Provided data:
-- Opening Marker --

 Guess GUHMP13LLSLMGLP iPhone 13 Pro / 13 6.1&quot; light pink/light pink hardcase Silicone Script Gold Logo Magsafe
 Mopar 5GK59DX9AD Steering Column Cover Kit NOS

-- Closing Marker --
-- Opening Marker --

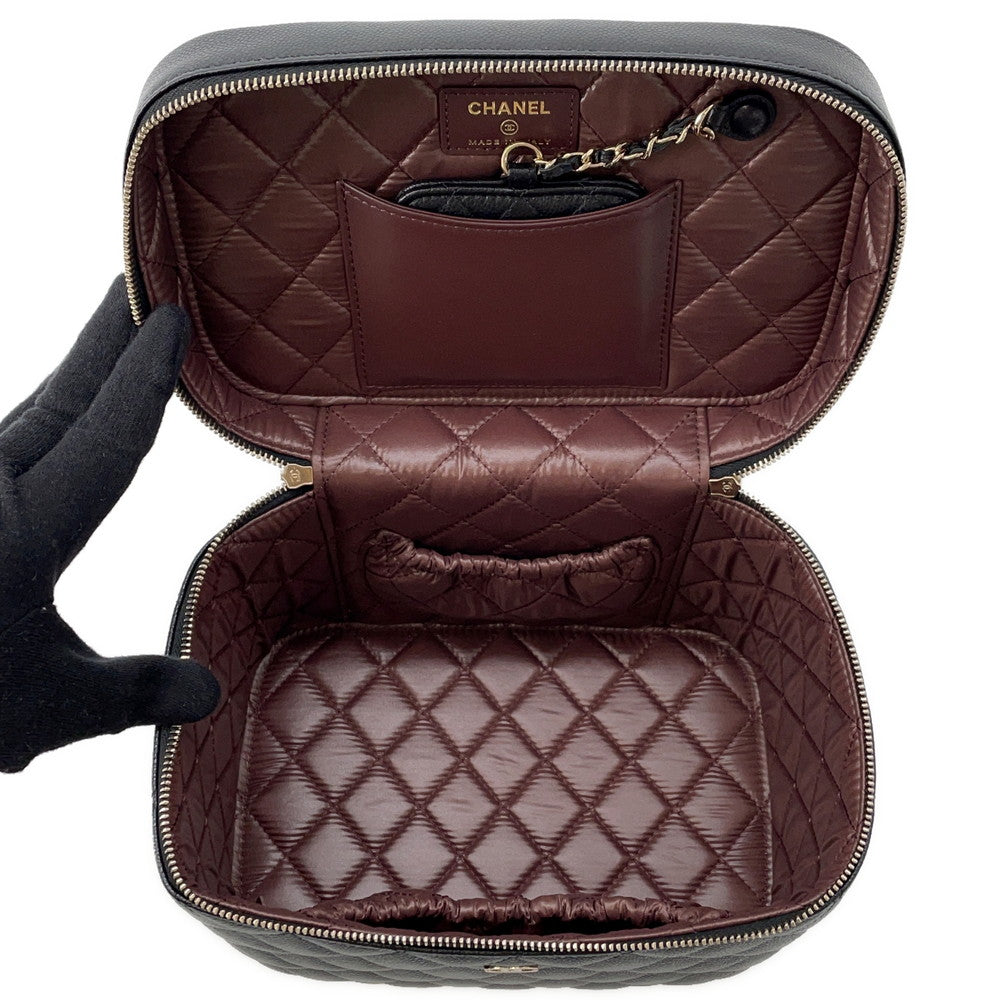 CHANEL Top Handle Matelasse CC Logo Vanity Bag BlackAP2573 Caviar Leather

-- Closing Marker --

Required action: Begin at the line above that has "Guess GUHMP13LLSLMGLP iPhone" and stop after the line that has "Mopar 5GK59DX9AD Steering", copying each line exactly and adding nothing else.

Answer to this task:
 Guess GUHMP13LLSLMGLP iPhone 13 Pro / 13 6.1&quot; light pink/light pink hardcase Silicone Script Gold Logo Magsafe
 Mopar 5GK59DX9AD Steering Column Cover Kit NOS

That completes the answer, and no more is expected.